L’administration fiscale vient de rendre public trois nouveaux avis rendus par le comité de l’abus de droit fiscal lors de la séance du du 1er février 2018 (CADF/AC n° 1/2018).
La première affaire (Affaire n° 2017-34 concernant M. P) aborde un cas remise en cause du bénéfice de report d’imposition prévu par l’article 150-0 B ter du code CGI.
La seconde affaire (Affaire n° 2017-30 concernant M. et Mme K) concerne une procédure d’abus de droit fiscal mise en oeuvre afin de réintégrer dans le patrimoine de contribuables taxable au titre de l’ISF le montant des créances de prêt en présence d’un Trust établi au Delaware.
La troisième affaire (Affaire n° 2017-31 concernant M. et Mme S) concerne des opérations de donation en cascade destinées à échapper au tarif de 60 % des droits de donation entre personnes non parentes.
M. et Mme S, sont de nationalité américaine et résident aux Etats-Unis. M. S a un fils d’un précédent mariage et Mme S a de son côté trois enfants. M. et Mme S sont, à hauteur de 42 % des titres chacun, associés de la SCI A propriétaire d’un bien immobilier situé en France. Leurs enfants respectifs possèdent chacun 4 % du capital de la SCI. Ce capital, composé de 7 350 parts, est ainsi réparti entre M. et Mme S, à hauteur de 3 087 parts chacun, et les quatre enfants, à hauteur de 294 parts chacun.
Le 26 décembre 2012, M. S a effectué une donation de 1 543 parts au profit de son épouse, qui détient alors 4630 parts tandis que son époux n’en possède plus, après cette opération, que 1 544. Mme S effectue immédiatement après cette donation et le même jour une donation de 1 543 parts à chacun de ses trois enfants. M. S fait par ailleurs donation le même jour à son propre fils de 1 543 parts de la SCI. A l’issue de ces donations, M. et Mme S détiennent chacun une part de la SCI et chacun des quatre enfants possède 1 837 parts.
Considérant que les deux donations en cascade de M. S à son épouse puis de celle-ci à ses propres enfants révélaient , dans les circonstances de l’espèce, une intention libérale de M. S à l’égard de ses beaux-enfants et que l’étape préalable de la donation à son épouse n*e poursuivait d’autre but que d’échapper au tarif de 60 %* des droits de donation entre personnes non parentes, prévu à l’article 777 du code général des impôts, qui aurait été normalement applicable en cas de donation directe des titres, l’administration a mis en œuvre la procédure de l’abus de droit fiscal prévue à l’article L. 64 du livre des procédures fiscales pour taxer à ce taux la transmission des 1 543 parts de la SCI regardée comme réalisée entre M. S et ses beaux-enfants.

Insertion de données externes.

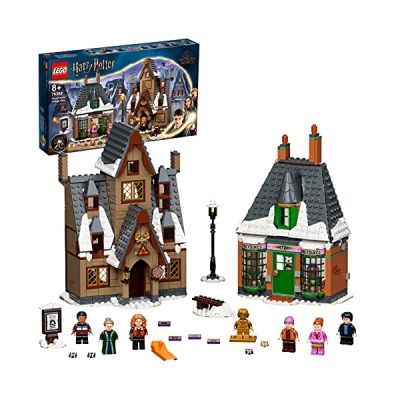 LEGO 76388 Harry Potter Visite du Village de Pré-au-Lard, Kit de Construction 20ème Anniversaire, Jouet avec Minifigurines de Collection, Idée Cadeau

Le Comité relève la concomitance des deux actes de donation de M. S à son épouse puis de celle- ci à ses propres enfants.
Les actes de donation du 26 décembre 2012 traduisent la volonté des époux S de transmettre l’ensemble des parts sociales de la SCI A à leurs enfants respectifs afin que ceux-ci en deviennent propriétaires du capital à parts égales.
Eu égard à la répartition du capital de la SCI avant les donations en cause, un tel projet ne pouvait aboutir, afin de garantir le respect de cet objectif de stricte égalité entre les quatre enfants, sans que M. S ne transfère, directement ou indirectement, aux enfants de son épouse une partie de ses titres de la SCI.
Le Comité estime à cet égard que les deux actes de donation concrétisent une seule et même intention libérale de M. S à l’égard des enfants de son épouse et que cette dernière ne tient dans ces actes que le rôle de personne interposée en y usurpant les qualités respectives de donataire et de donateur.
Il déduit de ce seul fait, qui établit la simulation dont sont entachés les deux actes de donation, que l’administration était en droit d’écarter, comme ne lui étant pas opposables, les deux actes de donation afin d’en restituer le véritable caractère.
Une telle interposition de personne avait pour seul objectif d’éviter la taxation de la donation des 1 543 parts entre M. S et les enfants de son épouse au taux de 60 % prévu par l’article 777 du CGI pour les transmissions à titre gratuit entre personnes non parentes.
Le Comité en déduit que l’administration était en droit de mettre en œuvre la procédure de l’abus de droit fiscal de l’article L. 64 du livre des procédures fiscales sur le fondement de la fraude à la loi.